I’m sure that the following, brief point must have been made before; perhaps I myself have made it (although, if the latter, I’ve forgotten). Nevertheless, it’s worthwhile to make once more this particular point about the relation between minimum-wage legislation and monopsony power. I make the point below the fold.
The existence of monopsony power supplies the only theoretically credible condition under which a minimum wage can possibly improve the well-being of low-skilled workers without harming any of them. Of course, however, claims that monopsony power is in reality rampant enough in the United States to justify minimum-wage legislation are incredible. These claims fail the smell test.
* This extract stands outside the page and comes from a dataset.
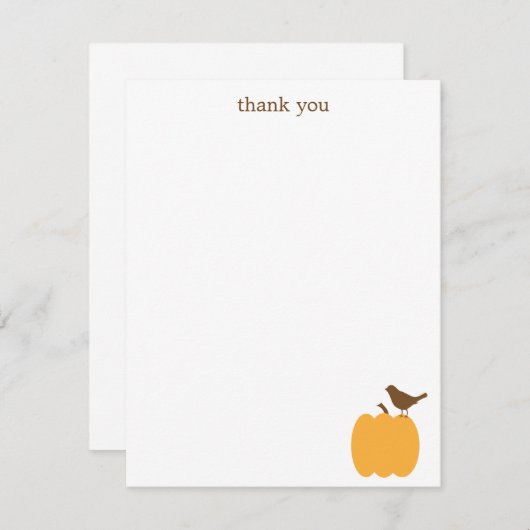 カボチャ平たい箱の鳥はメッセージカード感謝していしています ノートカード (正面/裏面)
But – and here’s the point of this post – to the extent that temporal or geographic pockets monopsony power might arise in reality, once source of such power might well be minimum-wage legislation itself. The reason is that minimum-wage legislation destroys jobs for low-skilled workers. Such legislation encourages employers to use more capital relative to low-skilled labor than they would use absent such legislation. With fewer job opportunities created for low-skilled workers, low-skilled workers in their current jobs have fewer alternative jobs to which they might move if their current employers underpay them.
Therefore, any empirical studies that find evidence of monopsony power cannot legitimately be used to justify minimum-wage legislation if such studies are of places in which minimum-wage legislation already exists. Such findings, if legitimate, likely reflect, at least in part, the anti-competitive effects of minimum-wage legislation itself. To prescribe more of it under such circumstances would be counterproductive.